Speaking with a number of brokers, business development managers and clients recently, a pattern seems to be emerging that could result in some real frustration for mortgage customers in the coming months. There appears to be an assumption that mortgage rates are directly tied to Bank of England base rates, and that mortgage rates will only come down in the latter part of this year. That isn’t the case, and the reality is that if the Bank of England decide not to reduce the rate, rates could actually go up.
If you think about it, the fact is 5 year fixed rates are around 4% – 4.5%, whilst the Bank of England rate is 5.25%.
The reality of how lender mortgage rates are set is, like most financial services today, extremely complicated, and I wont pretend I’m an economist. However, there are a few things that should be known:
- The banks don’t lend you other peoples money. Having a banking license grants them the ability to simply create money from thin air as debt. They do however have to keep a certain amount of that debt as liquid funds
- Banks use futures trading much like other industries. As a large scale bread maker, you might want to secure your next 5 years supply of wheat at a certain price so you can prevent market volatility bankrupting you
- Not all lenders are banks, and source their funds from other parts of financial services, such as annuities who receive large sums and pay out regular amounts, or from private investment and the sale of “mortgage books”
However, most high street lenders are banks and when they are creating that debt they are mindful that all their calculations are based on a certain Bank of England base rate which can change, whereas their mortgage offer is fixed for 2, 3 or 5 years. Like the bread manufacturer they go out to what they call the swap market. They essentially pay a premium and insure themselves against what the Bank of England base rate might do.
Those swap rates are based on analysts and data, much like a stock broker will use their insight to predict who to invest in, and takes all the available information in hand. They want to be competitive and offer the best deal, without leaving themselves vulnerable. If you know about a Bank of England rate reduction, so do they, in fact they will likely be plugged into those networks and have access to far more detailed resources than consumers, journalists, mortgage brokers or possibly the banks themselves.
Take a look at the chart here on the 5 year swap rates, that is the average of all of the rates offered against the actual Bank of England base rate. You can clearly see that the swap rate anticipated a rise in rates and that now, whilst the Bank of England rate is stable, the swap rates are trending below. They are anticipating a drop in rates and the fluctuations are as a result of a changing prediction on whether the rate will indeed drop in the last quarter of this year.

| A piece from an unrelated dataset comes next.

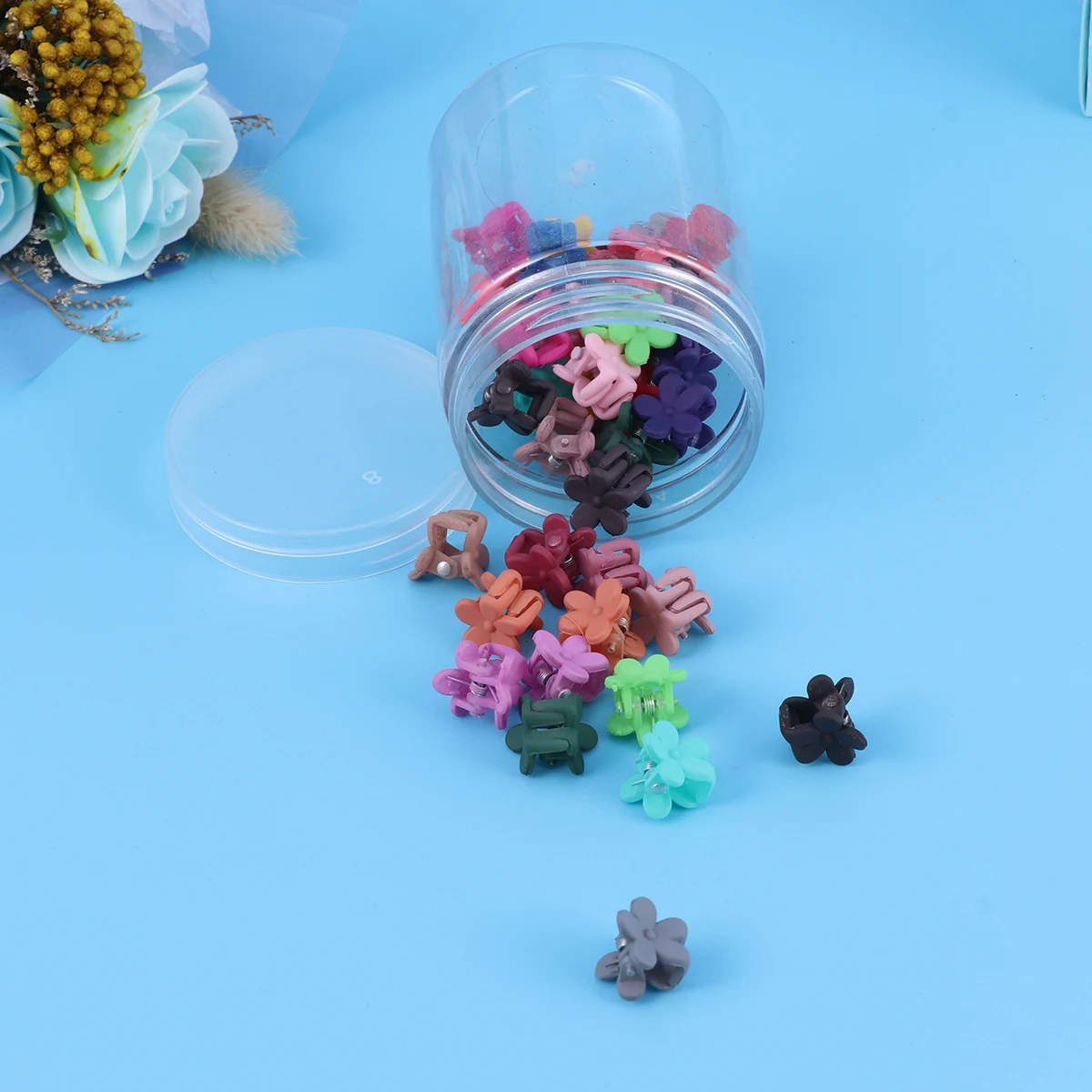 40 Pcs Kids Hair Claw Accessories Mini Star Shape Colorful Cartoon Flower Design Durable Girl Hairpin Paw Gifts
40 Pcs Kids Hair Claw Accessories Mini Star Shape Colorful Cartoon Flower Design Durable Girl Hairpin Paw Gifts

The latest news, as of late July 2024 is that stubborn inflation figures and better than expected GDP figures might see the Bank of England delay the rate drop, and that will be reflected in a rise in the swap rates offered, and therefore an immediate rise in mortgage interest rates. Regardless though, the key takeaway from this is that rates are set based on what the market expects, not the actual Bank of England rate, and so there is absolutely no point in waiting for the Bank of England , and further, doing so might see you lose out on a lower rate because once the bank withdraws them, they wont be available. If you secure something now and mortgage rates do drop, you can always switch before you complete.